One could argue that Hussein did not deserve our empathy and respect at the end of his life. Perhaps he was an evil man; he certainly committed and ordered evil acts. Perhaps because of his own actions while living he deserved nothing while dying but death itself. Perhaps he even deserved in some sense a slow and painful death. I certainly understand if others did not feel the empathy I felt. But the underlying question here, I think, is this: What is the purpose of state or government execution? Does a government take a human life out of a sense of justice, punishment, or revenge?

In the United States, at least, there is an almost institutionalized sense that Blind Justice takes the life of a criminal who the legal system deems has given up his or her right to life by committing a capital crime. It seems there is a long history of shielding the identity and limiting the agency of the executioner, such that, symbolically at least, rather than a person being given the authority to take another human being's life, the criminal's life is ceremoniously taken, as if the indifferent hand of Justice herself turns the switch off on the life of a criminal. This is all the more true as states have moved from more overtly violent and bloody forms of execution, such as death by firing squad, hanging, or electric chair, toward forms of execution, such as lethal injection, that theoretically increase the dignity of and executioner's distance from the execution (though California and Florida have recently called the humanity of lethal injection into question as well).

I am an opponent of the death penalty in general; it has been outlawed in most democratic countries, and should be outlawed in the United States as well. It is most difficult for me to accept execution carried out not as Blind Justice, but in the midst of unfettered and unconcealed rage. The method of Saddam's execution is one of the more violent, as it often takes a matter of minutes for death to be complete (though in Saddam's case it was apparently mercifully swift). But what made Saddam's death an overt act of revenge, what robbed his execution, if not Saddam himself, of dignity in death, were the taunts and angry outbursts, and the general atmosphere of hatred that filled the room as the noose was tightened and the gallows dropped.

In the immediate aftermath of the execution, the big story seemed to be the investigation and prosecution of guards who surreptitiously recorded, and subsequently broadcast, unsanctioned video of the the hanging. That is, the problem being focused on was not the lack of dignity with which Saddam was executed, but the fact that it is possible for anyone to watch the hanging without interpretation or editing. It seems there are those who would like to conceal the bare facts of this historically significant event, facts which appear to make even George W. Bush uncomfortable.

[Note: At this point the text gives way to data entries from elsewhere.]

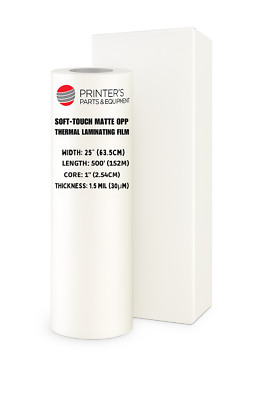 Soft Touch Matte Laminating Film 25'' x 500ft (1  Core) 1.5mm Thickness , Velvet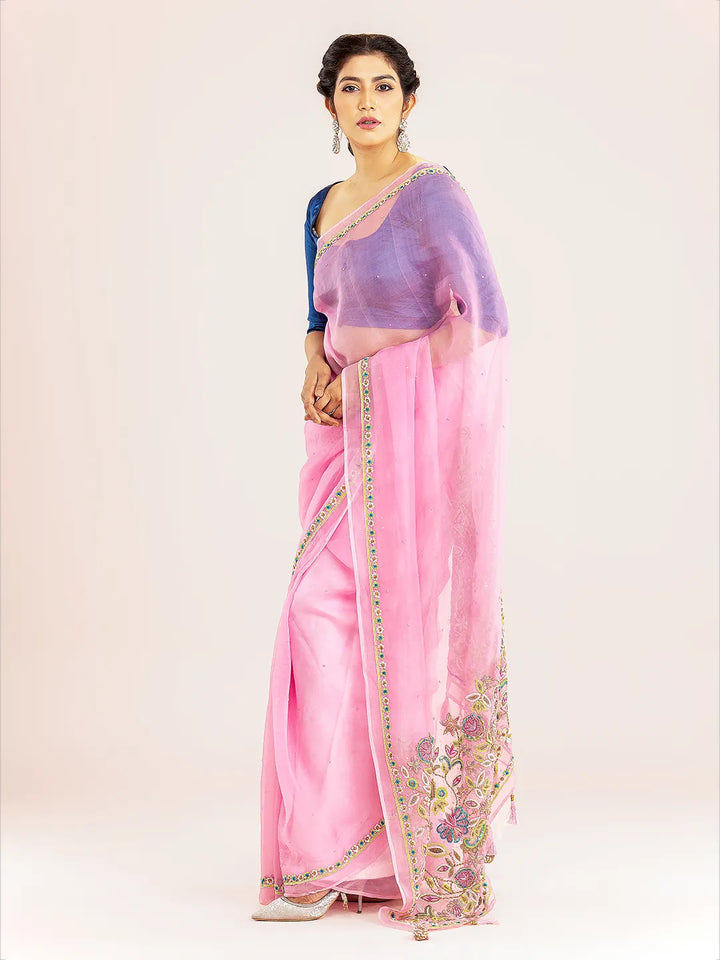 Light Pink Muslin Saree | Saree | KLOTHEN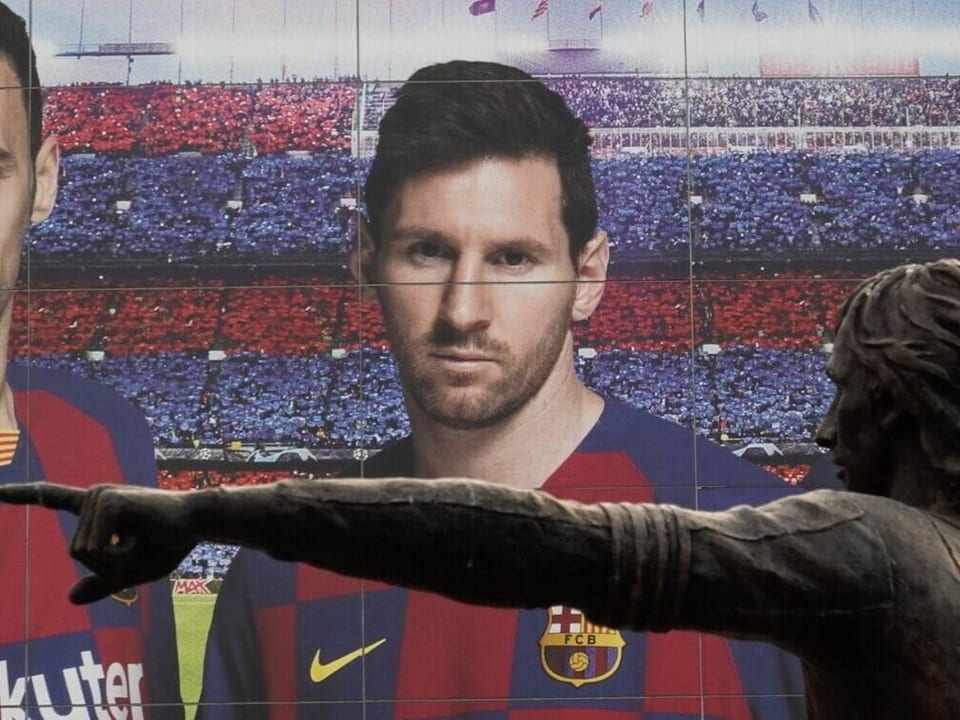 Lionel Messi auf einem Plakat
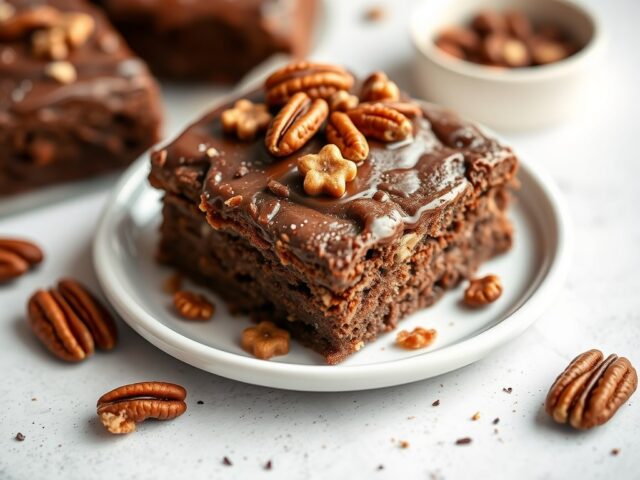 Choco gebak met pecannoten — AI-gegenereerde illustratie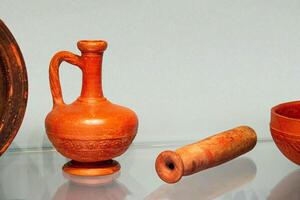 Antique ceramic decorative amphora on a white background photo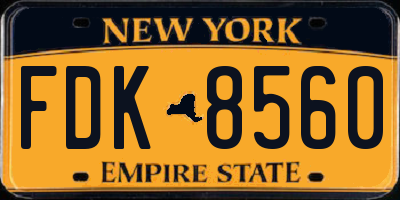 NY license plate FDK8560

Saddam's death seems in many ways to be the culmination of the United States' invasion of Iraq. It is something that many (though clearly not all) Iraqis wanted long before the invasion, or were not unhappy to see occur. It is an official and final end to a dark era. But it was precipitated by the United States' invasion, and, for all the initial talk of weapons of mass destruction, bringing down Saddam seems to me to have been on the agenda of Bush and company when they led the call to invade. Saddam's downfall, dignified or not, may be welcome to Bush and others, but if we applaud these ends, we must also accept both the means used to get us there, and all the additional outcomes, including over 3,000 US soldiers who will not be returning home.